Le carte dei tarocchi con le loro antiche simbologie si incontrano in una taverna e in vino (versato) veritas mettono in scena il capovolgimento del gioco delle parti. La Forza, ha perso il suo sguardo tranquillo e disinteressato e invece di tenere seraficamente le mani nella bocca del Leone, diventa domatore circense. Il Leone così salta nella corona di fuoco ed esce a fauci aperte aggredendo la Giustizia. Spada, bilancia e corona cadono a terra mentre il volto impassibile della giustizia super partes si trasforma nella smorfia disperata dell’Urlo.

 

Sul lato sinistro dell’opera un altro ambiente, una delle nostre enoteche che certo non vende anonimi fiaschi della casa. Qui nel silenzio e nell’ordine i vini sono incasellati con le loro etichette Doc, sugli scaffali davanti ai tavoli vuoti.

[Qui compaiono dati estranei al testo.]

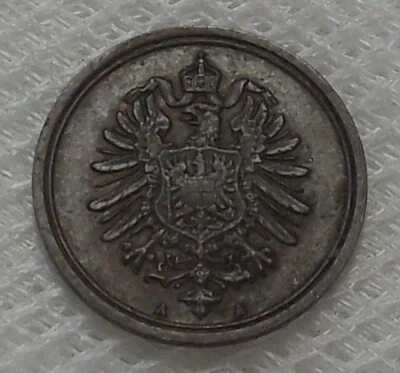 1887 A GERMANY 1 PFENNIG COPPER COIN XF - Image 1 of 2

Nessuna veritas, solo il silenzio: le bottiglie sono tutte chiuse.

Nel secondo lavoro, Le due Corone, a Game of Mirrors, la corona è quella dei denti, la nostra simbolica arma di difesa che spesso ritorna nei sogni di molti. L’incubo è quello del dentista che, nascondendo la propria bocca si insinua in quella del paziente.

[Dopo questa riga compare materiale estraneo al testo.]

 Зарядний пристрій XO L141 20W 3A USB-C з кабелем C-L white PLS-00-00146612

L’immagine si riflette nello specchio. Il viso del dentista fermo, nascosto da mascherina, occhiali e cappello, riflesso nello specchio si contrappone a quello del paziente disperatamente impotente, privato delle sue armi di difesa, incapace di mordere, difendersi o parlare. Ma, mentre l’attenzione del dentista e forse anche dello spettatore, è concentrata sulla bocca aperta, sulla testa del paziente spunta una nuova corona insanguinata, che tanto ricorda i denti degli squali, molto più potenti della misera e malata corona nelle povere fauci umane.